* _Task directions_
Your output should be the lines below from the one holding "Magician wearing top" through the one holding "spare room with", transcribed exactly, with no pictures.

* _Source material_
◆ ◆ ◆ ◆ ◆

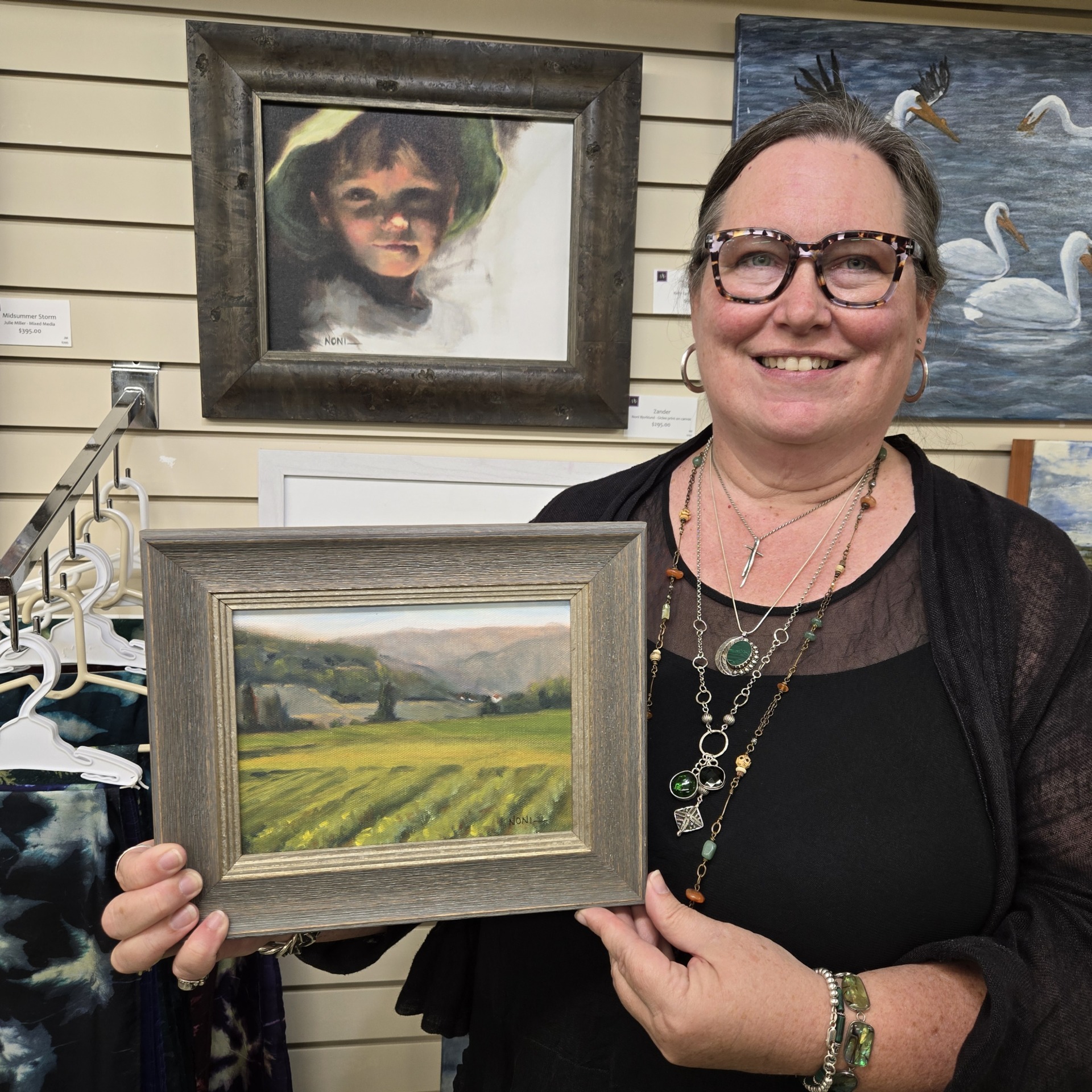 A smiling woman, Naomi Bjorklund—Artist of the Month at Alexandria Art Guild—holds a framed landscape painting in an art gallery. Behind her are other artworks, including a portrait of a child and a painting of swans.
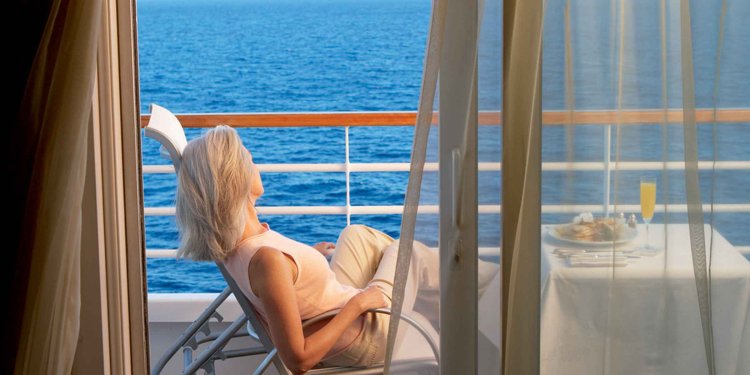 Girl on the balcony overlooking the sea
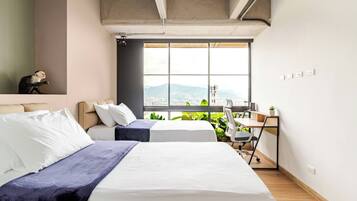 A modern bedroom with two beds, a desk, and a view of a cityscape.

◆ ◆ ◆ ◆ ◆

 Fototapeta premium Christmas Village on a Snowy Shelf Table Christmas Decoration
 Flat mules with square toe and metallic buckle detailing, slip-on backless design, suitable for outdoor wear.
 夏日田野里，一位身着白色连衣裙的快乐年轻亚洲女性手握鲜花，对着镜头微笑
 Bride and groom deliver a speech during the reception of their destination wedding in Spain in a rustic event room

◆ ◆ ◆ ◆ ◆

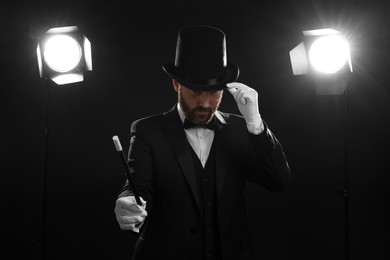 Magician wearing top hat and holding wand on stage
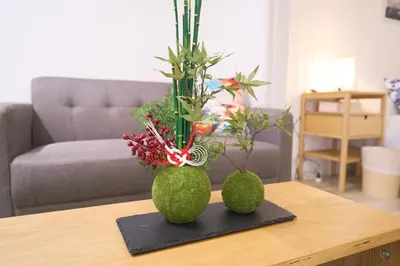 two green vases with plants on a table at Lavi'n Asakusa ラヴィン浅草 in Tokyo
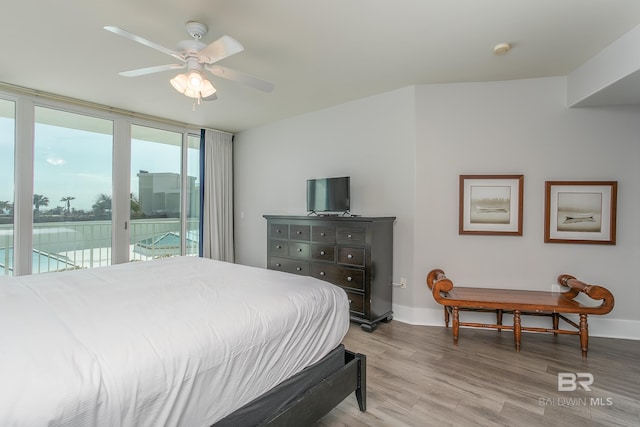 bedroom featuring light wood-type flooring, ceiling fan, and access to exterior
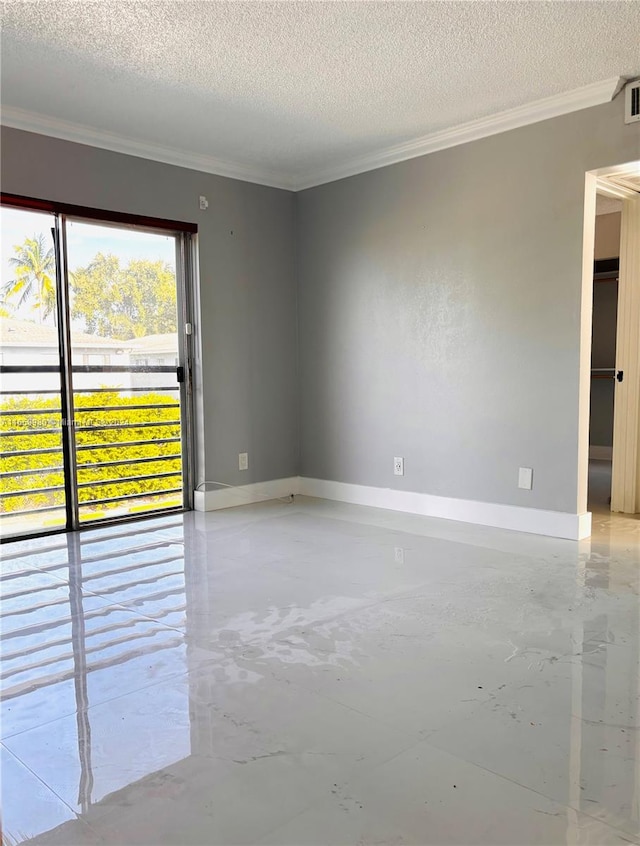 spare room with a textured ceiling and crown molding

◆ ◆ ◆ ◆ ◆

* _The completed task_
 Magician wearing top hat and holding wand on stage
 two green vases with plants on a table at Lavi'n Asakusa ラヴィン浅草 in Tokyo
 bedroom featuring light wood-type flooring, ceiling fan, and access to exterior
 spare room with a textured ceiling and crown molding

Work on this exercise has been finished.